Blogging in government report: the good, the bad, and the ugly

slu_david_wyld_blogs1.jpgWyldCoverBlog.jpgDavid Wyld, a professor at Southeastern Louisiana University’s Department of Management, has written a report for IBM’s Center for The Business of Government titled, The Blogging Revolution: Government in the Age of Web 2.0.

The entire report is available via PDF as well as an executive summary, but the hardbound 100-page version can be ordered for free and it arrives within 10 days or so… a nice gesture on the part of IBM.

There’s also a news release on the report posted on the Southeastern Louisiana’s website titled Southeastern’s David Wyld documents blogging revolution among elected officials, public agencies.

The Good
It’s a very thorough overview of govenment-related (federal, state and local) blogging. Most of my government blogging clients are listed/named in the report (Eden Prairie Fire Chief George Esbensen is the only one singled out for a large graphic), but there a large number of government officials blogging who were completely new to me.
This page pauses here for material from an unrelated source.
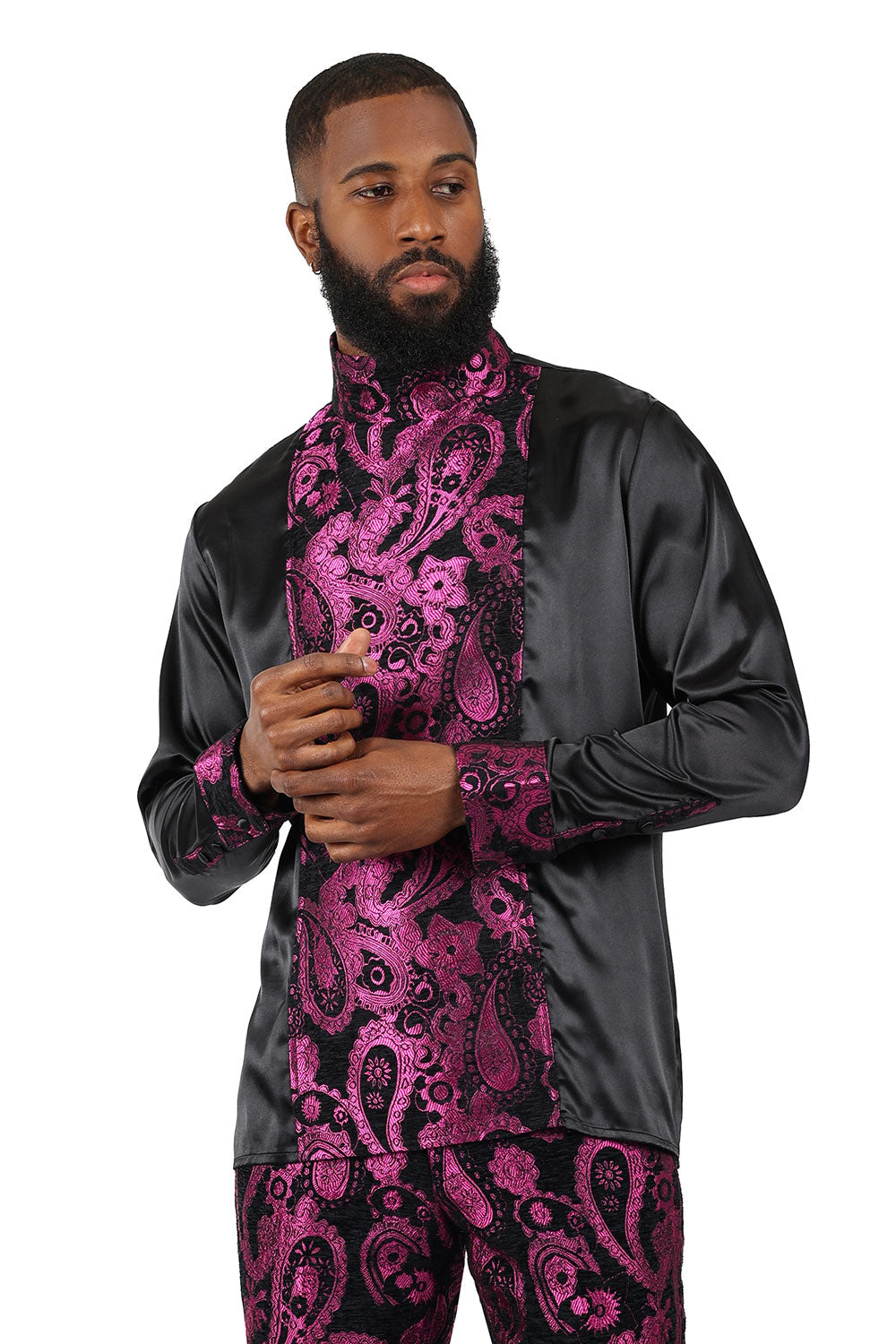 BARABAS Men's Paisley Long Sleeve Turtle Neck shirt 3MT05 Magenta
He’s also included many stories that really help to illustrate the range of gov’t bloggers, as well as the potential and pitfalls of blogging. He understands the technology — one of the few to write about blogging who understands the power of both the permalink and RSS — but he wisely avoids listing blogging tools and services. The report is well-organized and illustrated, and Wyld writes in a style that I found readable, a nice touch for a research report.

The Bad
Wyld misses the leadership blogging boat, never once using the term and only in a few instances, citing those blogging-related activities (eg, affirming people) that distinguish a leadership blog from the usual government official blog. It’s odd because he does distinguish between a campaign blog and a blog that’s used once elected; between a blog that’s authentically authored vs. one written by staffers. And he does list my Guide to Civic Leadership Blogging in his references. But it’s a major oversight to include nothing about the importance of using a blog to leverage one’s leadership interactions that otherwise disappear. He’s evidently thrown off course by the ability of a blog to have comments, which he mistakenly thinks are required for a blog to be considered a blog. It’s also a major oversight to say nothing about the importance of strategic storytelling in his ‘how to blog’ section.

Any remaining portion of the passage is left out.